Interview: Christopher Smith on the Darkness of ‘Black Death’

There are no morally sound characters in Black Death, Christopher Smith’s followup film to Triangle. Nearly every character is a pure bastard. No one in this universe, which is a solid mix of a genre filmmaking and period piece, could be deemed a good person. Oddly enough, though, the most charming character is who some will claim to be the villain: Carice Van Houten’s charming and intimidating witch.

The British director is interested in playing in gray areas and raising questions. If you have seen Triangle, then you should know by now Smith isn’t all about the answers. Black Death may not end on the complete mind-boggling question mark that Triangle does, which Smith himself jokes about, but there are definitely some open ends to be discussed.

Here’s what director Christopher Smith had to say about his atmospheric horror film:

Congrats on the film. I really enjoyed it.

Oh, great. Thanks, man. I’m really proud with it as well. I’m glad it worked out. It’s one of these weird ones where when you make the movie you always say…you sit down with the editor and you always get really drunk from reading through it when you watch the first assembly. And you sort of go…I always go, “What’s it like? Is it really good?” Or is it kind of good where we’ve got to do some work? Or is it bad and we can do some work but it will only get half good. So it was all right. So it was long but good. We just cut it down.

I’ve been in films where I’ve stooped halfway through and said, “No, no, no. Go make it work before I see it.” Some of it just works really well straightaway. And some of the scenes just don’t work, you can tell.

What changed when you got into editing?

Well, we shot the film in order. I don’t know if you know, we shot the film in order because we had actor availability. So the film had a lot more, you know, walking shots and so on and so forth. The village was a lot longer. In the village there was a whole explanation as to who she was and why she came to be in the village, which was a long sequence while she’s walking towards the rebirth scene where she explains everything.

And so lots of things like that that feel like they need to be in actually, as soon as you get too much explanation, that character ceases to be interesting.

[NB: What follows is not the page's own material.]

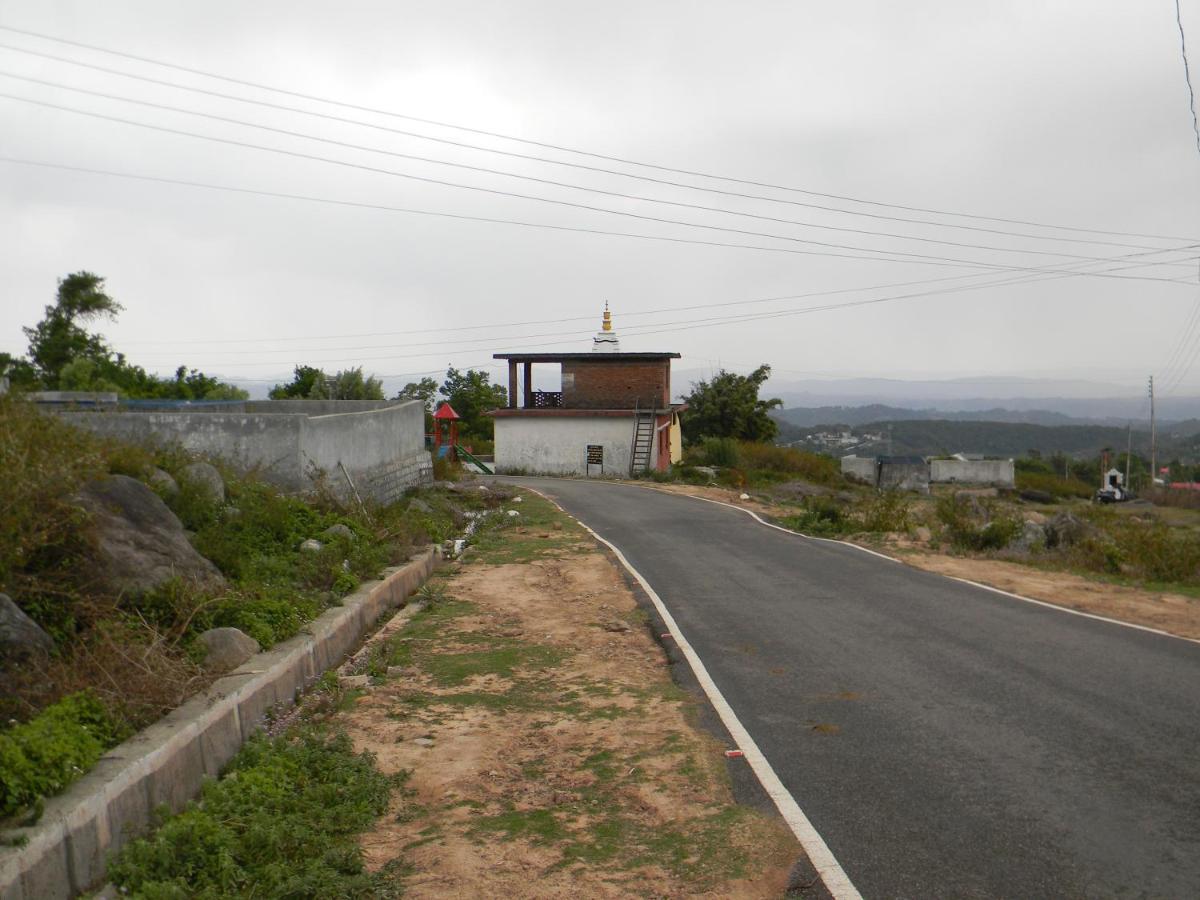 Hillock By In Vogue Villa Дхарамсала Екстериор снимка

And it’s finding that balance. And if you look at the sequence for Sean Bean where he’s in the church and he’s accused of not having any heart by Eddie Redmayne, and he says, “I have felt pain. My wife and child are by God’s side.” That was a moment where, even in the script stage, I realized if we could make that scene as lean as possible it has a very good chance of being in the movie. That’s what I said to the writer. If you make it a big, baggie exposition scene, it ain’t gonna be in the movie. Not because I’ll cut it, the film will cut it itself. It will soon be exposed.

So we hadn’t those cuts to her scene of her backstory. So loads of things like that that didn’t feel wrong, they just felt too long.

I imagine when you shoot those scenes you’re thinking like, “This is essential to the movie.” And then when you get to editing, it’s just…

Not really, no. It’s actually like I can’t afford for it to be out in before. But because I knew that it might be needed I shot it. And we had these big critics on set from England, this big magazine, and I was shooting that scene. I thought, “This is such a fucking boring scene to be shooting.” And then I said I’m going to do it all in one long continuous take and I ended up doing 10 takes of it. I don’t think it ever got beyond the assembly. Just a huge exposition scene. Yeah, it’s gone.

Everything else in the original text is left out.